Another level of relating is to be seen in the organization of specific semantic demarcations within the text. These give rise to intratextual fields of reference, which provide an occasion for the hero of a novel, for instance, to step over internally marked boundaries. Such boundary-crossing is a subject-creating event.(7) It is “revolutionary” insofar as it infringes on an intratextual organization.
The various clusters, whether they be words with outstripped meanings or semantic demarcations transgressed by the characters in a narrative, are inseparably linked; they inscribe themselves into one another, every word becomes dialogic, and every intra-textual semantic field is doubled by another.
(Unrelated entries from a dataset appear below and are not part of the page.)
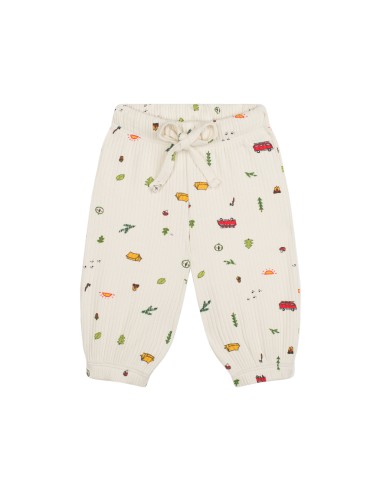 Antebies - Kamp Ateşi Uzun Kollu...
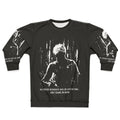 Blade Runner "Like Tears in Rain" Cyberpunk Movie Sweatshirt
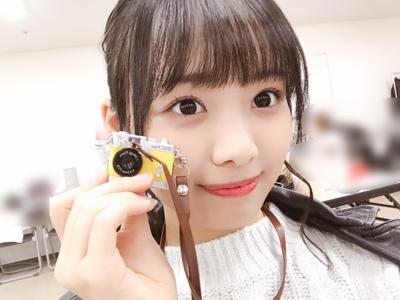 最近の濱岸ひよりのサムネイル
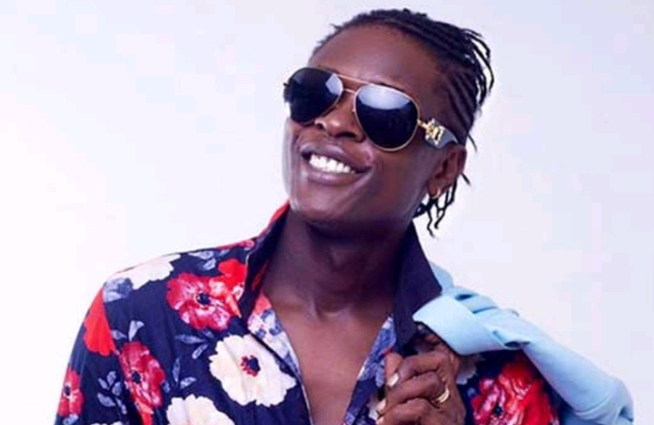 After 6 years, Chameleone announced a concert in Kigali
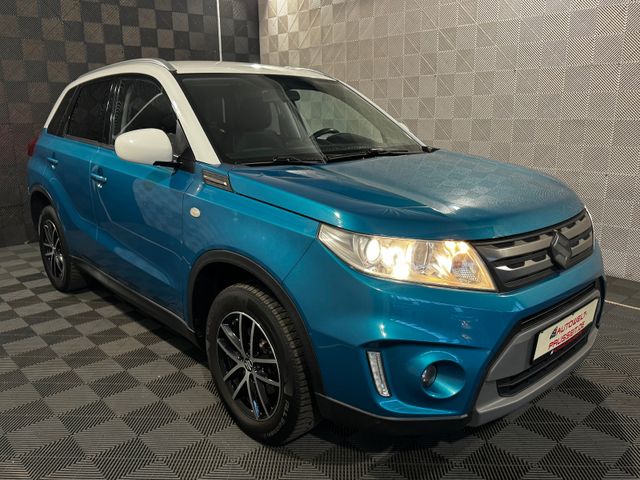 Suzuki Vitara 1.6 Comfort 4x4*ACC*R.KAM-SHZ-KLIMAAUT-BT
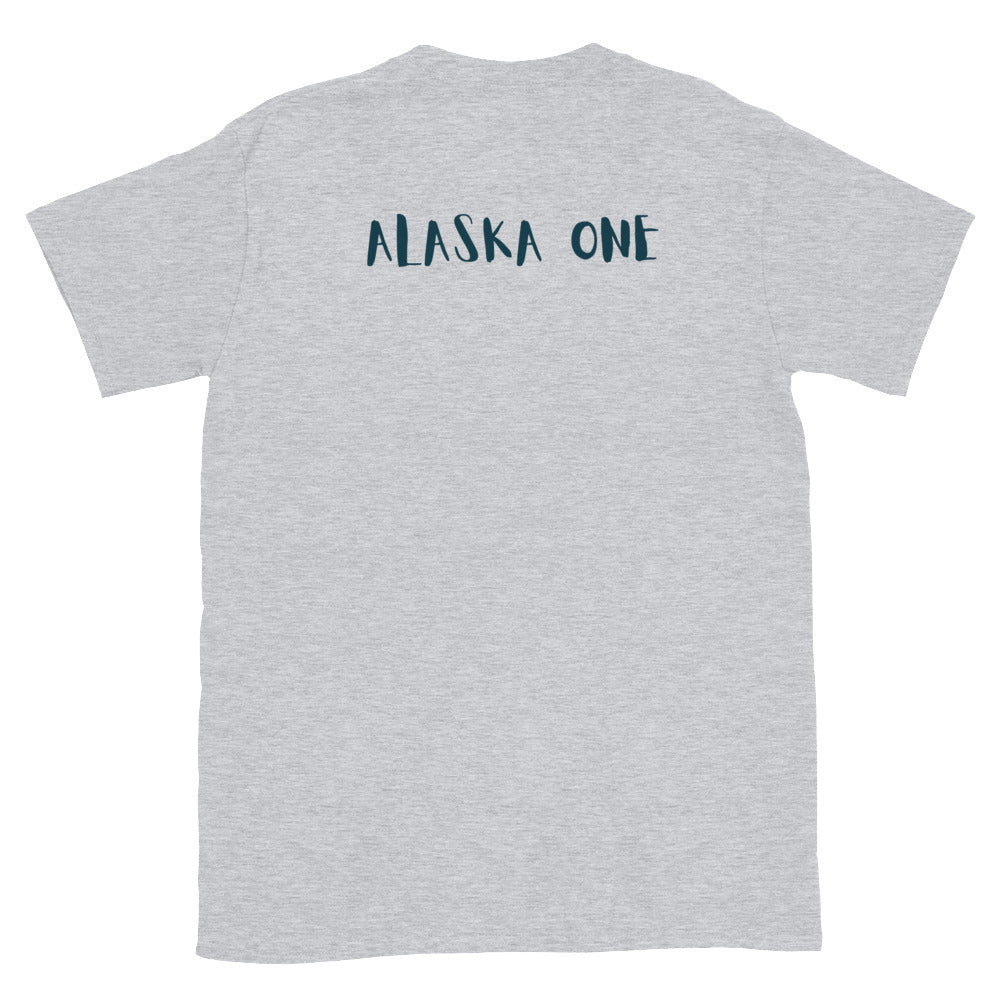 Alaska One Tee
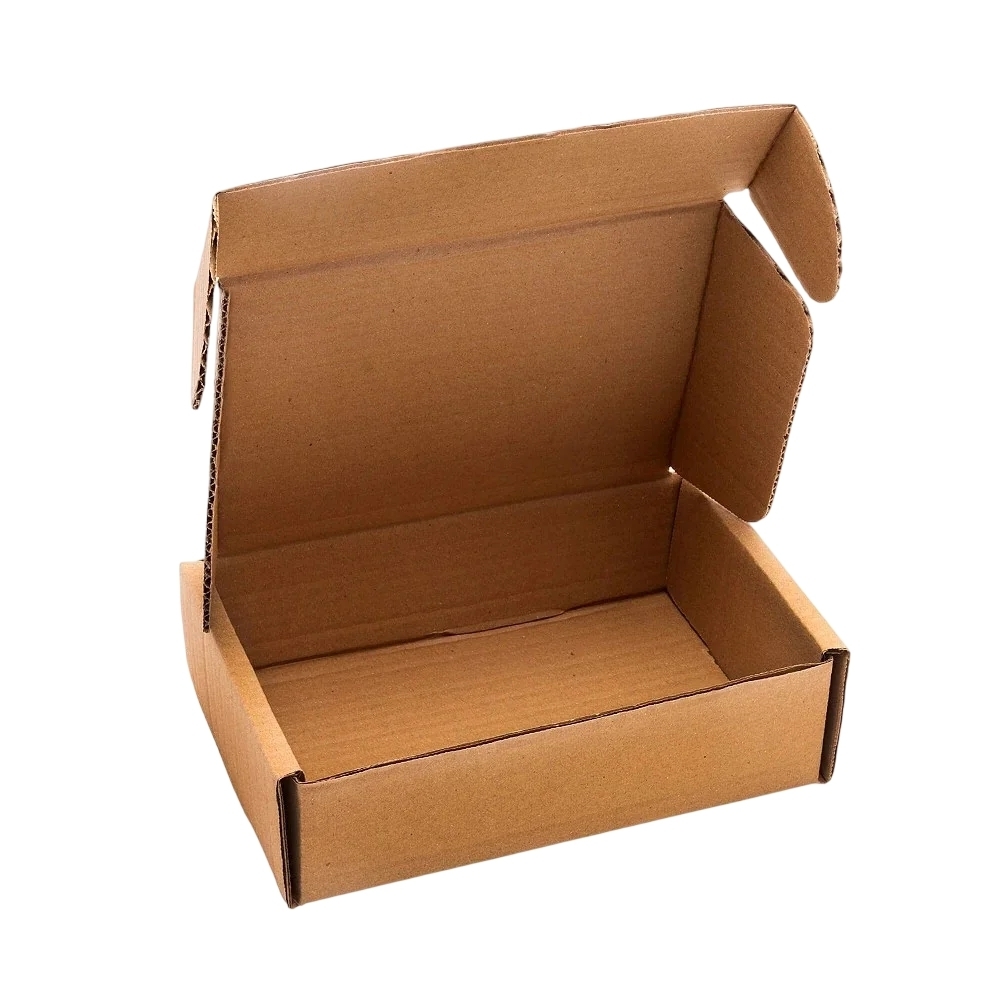 Caixa de Papelão N1 - 20 x 14 x 6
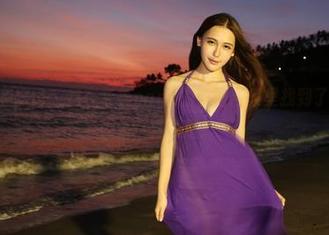 MyGirl美媛馆 - 我在奈美nana的自拍合集里找到了自己的迷失，真的是！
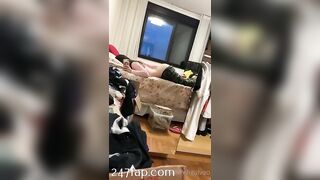 Fegalvao OnlyFans Leaked Ero-cosplayer Slim Fit Amateur Porn Video 3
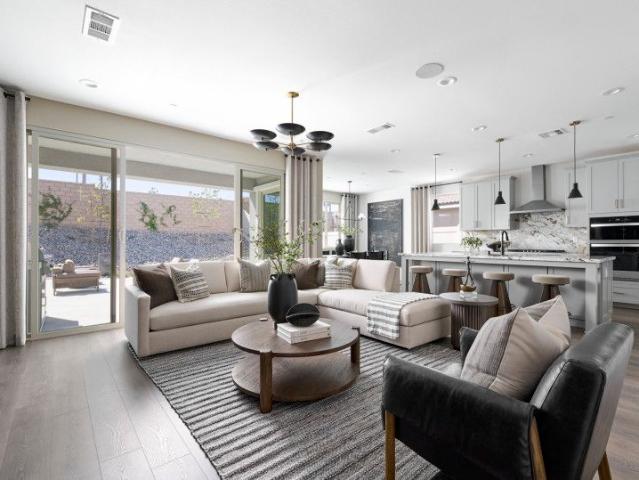 House for sale in Menifee, California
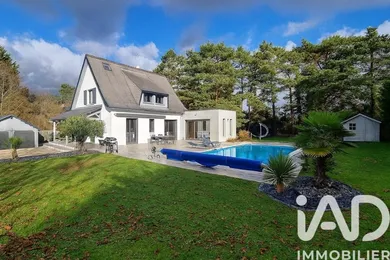 Maison à Chambray-lès-Tours (37170)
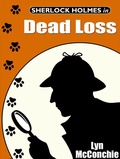 Cover: Sherlock Holmes in Dead Loss - Wildside Press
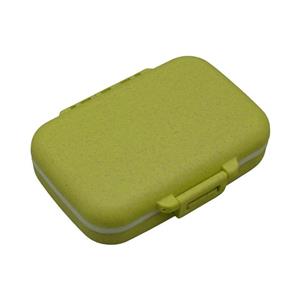 جعبه نگهدارنده دارو مدل GS-M-6312
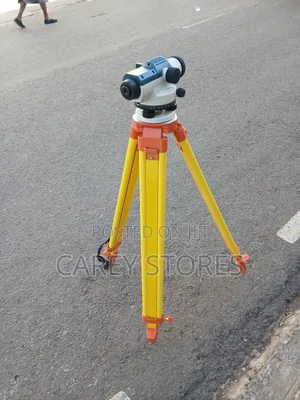 Dumpy Level Machine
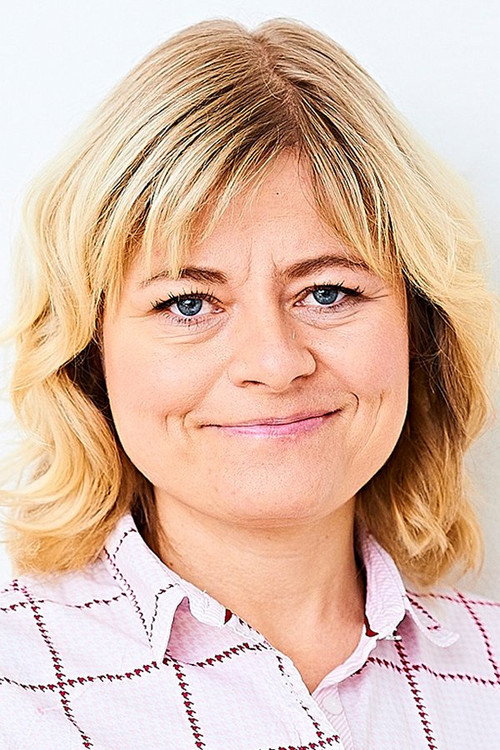 Therese Brink-Jacobsen profile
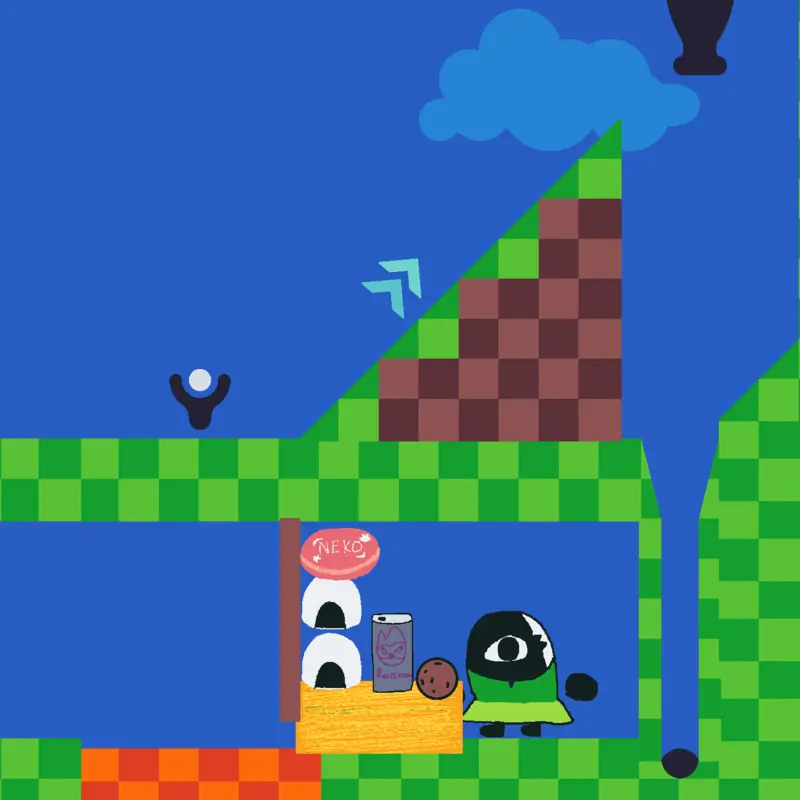Game by @iceanimations2013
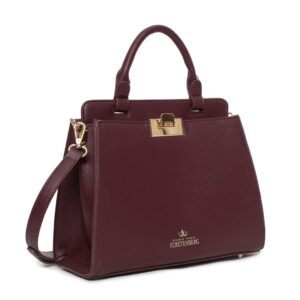 Egon Von Furstenberg Tote Bags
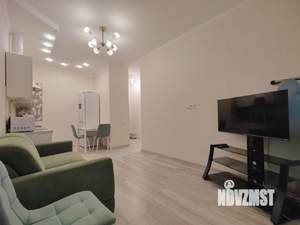 2-к квартира, на длительный срок, 33м2, 2/6 этаж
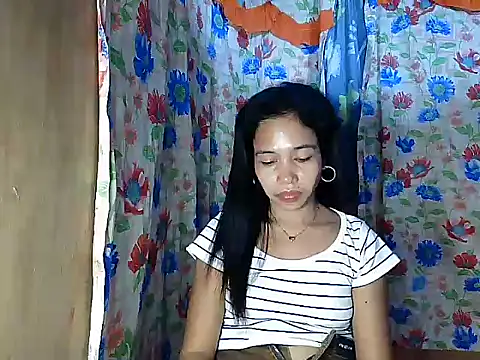 PinaySkinnyGirl Chat XXX in diretta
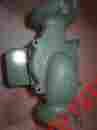 005-bf5-j Taco Cartridge Circulating Pump Used 3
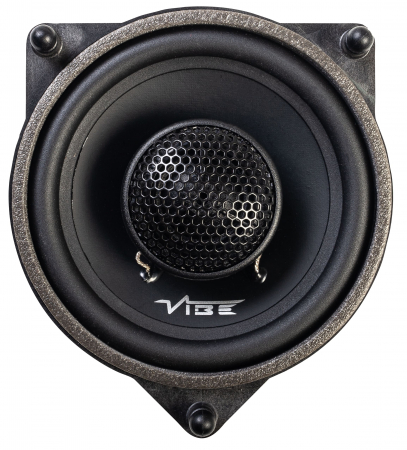 Boxe auto coaxiale Vibe OPTISOUNDMERC4-V2, 60W RMS, 10 cm, 2 cai, set 2 difuzoare dedicate Mercedes [1]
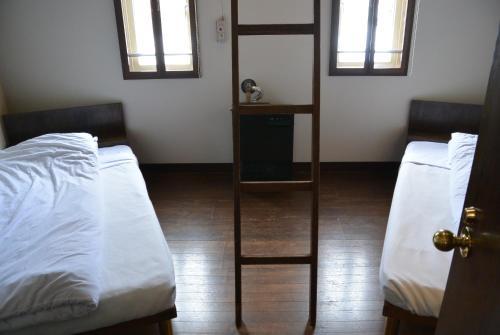 Posada Pension Ing Tomamu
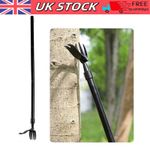 Manual Weeding Machine Pulling Claw Gardening Tool Grass Root Remover Garden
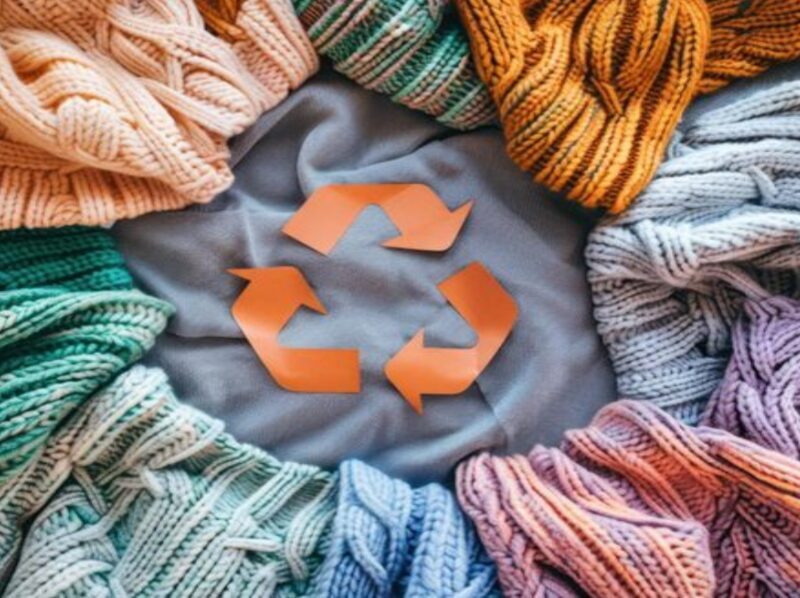Estados Unidos plantea un marco federal para reducir los residuos textiles y avanzar hacia la circularidad 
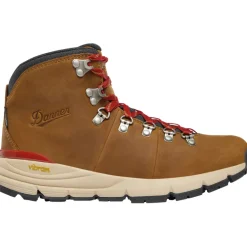 Damen Mountain 600 Leaf GTX Schuhe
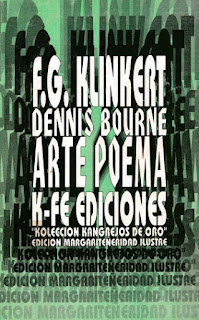 Federico Guillermo Kinkert y Dennis Bourne - Arte Poema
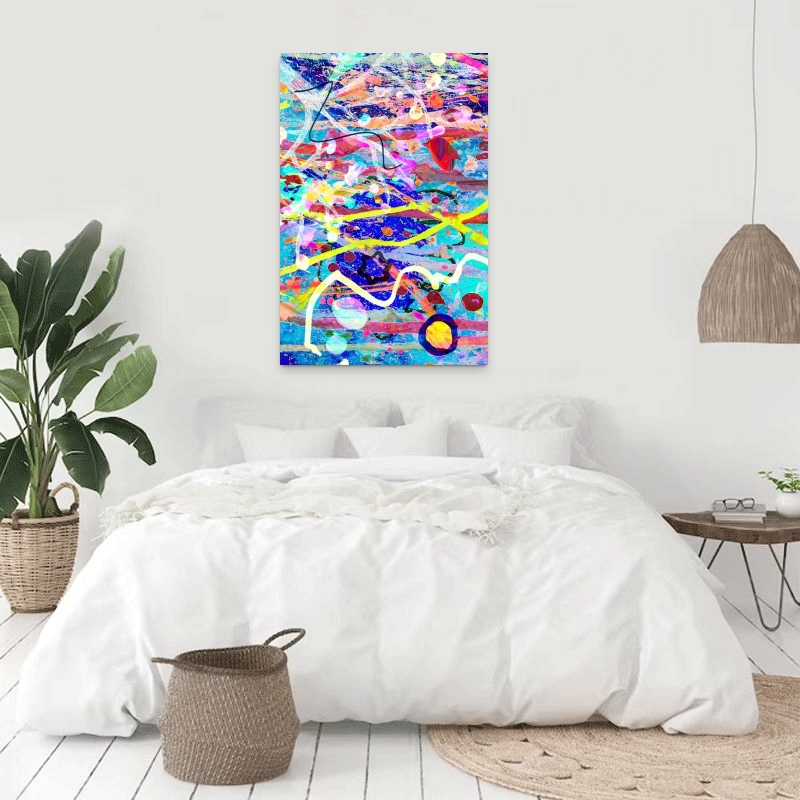 canvas print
Through this double-voiced discourse every utterance carries something else in its wake, and thus the acts of combination unfold a play space between them in which the present is always doubled by the absent, frequently redistributing the weight by making the present totally subservient to the absent: What is said ceases to mean itself, so that what is not said can thus gain presence. There is no third dimension in the text that would allow to relate precisely what is related to what; instead, the double meaning of words as well as the elements selected from outside the text and now yoked together in an unfamiliar way are related through the different influences they have upon one another.
Fictions also play vital roles in the activities of cognition and behavior, as in the founding of institutions, societies, and world-pictures. Unlike such non-literary fictions, the literary text reveals its own fictionality. Because of this, its function must be radically different from that of related activities that mask their fictional nature. The masking, of course, need not necessarily occur with the intention to deceive; it occurs because the fiction is meant to provide an explanation, or even a foundation, and would not do so if its fictive nature were to be exposed. The concealment of fictionality endows an explanation with an appearance of reality, which is vital, because fiction – as explanation – functions as the constitutive basis of this reality.
When a fiction signals its own fictionality – for which of course literary genres are the most obvious and durable signs – it necessitates an attitude different from that adopted toward fictions hiding their fictionality. The incorporated ‘real’ world is, so to speak, put in brackets, simultaneously indicating that it is to be viewed as if it were a world, a world, however, that has no empirical existence, and thus is only to be taken as if it were a given world. In the self-disclosure of its fictionality, an important feature of the fictional text comes to the fore: it places the world organized in the text under the sign of the ‘as if’. Thus readers are signaled that they must bracket off their natural attitudes toward what they are reading. But this does not mean forgetting or transcending those natural attitudes, which cannot be abandoned. Instead, they figure as a virtualized background, which as a latent instance of comparison, or at least as a testing ground, is essential if the textual world is to be digested. Thus the bracketing-off process splits the reader’s attitude into one that is simultaneously natural and artificial. The natural attitude loses its validity, so that the new one may develop, but the new one would not achieve stability if it could not be played off against the old one.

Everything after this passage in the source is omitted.